_RECORD EXCERPTS_:
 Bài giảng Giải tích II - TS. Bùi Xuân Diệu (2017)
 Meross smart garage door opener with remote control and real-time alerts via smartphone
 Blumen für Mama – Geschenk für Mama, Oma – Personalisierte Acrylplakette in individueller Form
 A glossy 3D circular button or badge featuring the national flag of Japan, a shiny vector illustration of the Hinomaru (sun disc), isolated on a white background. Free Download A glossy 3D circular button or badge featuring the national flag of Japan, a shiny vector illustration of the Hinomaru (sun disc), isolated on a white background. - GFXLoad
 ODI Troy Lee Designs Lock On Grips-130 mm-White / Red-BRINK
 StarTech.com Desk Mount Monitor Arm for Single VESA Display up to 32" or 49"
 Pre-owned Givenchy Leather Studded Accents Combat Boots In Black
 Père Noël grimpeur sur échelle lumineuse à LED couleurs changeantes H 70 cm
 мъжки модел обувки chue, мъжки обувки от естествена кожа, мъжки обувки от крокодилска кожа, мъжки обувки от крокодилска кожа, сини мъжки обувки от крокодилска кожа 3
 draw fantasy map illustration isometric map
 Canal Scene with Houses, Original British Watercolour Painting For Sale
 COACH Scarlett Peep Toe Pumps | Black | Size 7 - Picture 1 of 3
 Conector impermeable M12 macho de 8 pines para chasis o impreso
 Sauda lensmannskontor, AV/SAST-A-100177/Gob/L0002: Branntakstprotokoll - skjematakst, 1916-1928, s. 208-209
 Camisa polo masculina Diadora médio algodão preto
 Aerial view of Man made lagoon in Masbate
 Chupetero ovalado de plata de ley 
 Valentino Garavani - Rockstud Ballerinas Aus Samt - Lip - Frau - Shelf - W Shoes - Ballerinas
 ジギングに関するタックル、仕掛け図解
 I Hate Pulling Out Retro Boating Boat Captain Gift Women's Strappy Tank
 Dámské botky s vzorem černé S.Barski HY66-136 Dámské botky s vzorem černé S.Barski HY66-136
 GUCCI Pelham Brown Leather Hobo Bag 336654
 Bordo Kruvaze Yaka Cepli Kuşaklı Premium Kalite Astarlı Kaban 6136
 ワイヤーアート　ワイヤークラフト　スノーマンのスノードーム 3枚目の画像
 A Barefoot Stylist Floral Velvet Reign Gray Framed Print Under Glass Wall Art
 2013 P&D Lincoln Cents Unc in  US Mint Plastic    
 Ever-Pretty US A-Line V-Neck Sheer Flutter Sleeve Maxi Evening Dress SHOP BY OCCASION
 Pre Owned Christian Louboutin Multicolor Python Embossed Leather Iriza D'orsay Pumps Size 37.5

_TASK DESCRIPTION_:
The expected answer is the lines from the one containing "Aerial view of Man made lagoon in Masbate" through the end of the material, reproduced exactly with both ends kept.

_EXPECTED ANSWER_:
 Aerial view of Man made lagoon in Masbate
 Chupetero ovalado de plata de ley 
 Valentino Garavani - Rockstud Ballerinas Aus Samt - Lip - Frau - Shelf - W Shoes - Ballerinas
 ジギングに関するタックル、仕掛け図解
 I Hate Pulling Out Retro Boating Boat Captain Gift Women's Strappy Tank
 Dámské botky s vzorem černé S.Barski HY66-136 Dámské botky s vzorem černé S.Barski HY66-136
 GUCCI Pelham Brown Leather Hobo Bag 336654
 Bordo Kruvaze Yaka Cepli Kuşaklı Premium Kalite Astarlı Kaban 6136
 ワイヤーアート　ワイヤークラフト　スノーマンのスノードーム 3枚目の画像
 A Barefoot Stylist Floral Velvet Reign Gray Framed Print Under Glass Wall Art
 2013 P&D Lincoln Cents Unc in  US Mint Plastic    
 Ever-Pretty US A-Line V-Neck Sheer Flutter Sleeve Maxi Evening Dress SHOP BY OCCASION
 Pre Owned Christian Louboutin Multicolor Python Embossed Leather Iriza D'orsay Pumps Size 37.5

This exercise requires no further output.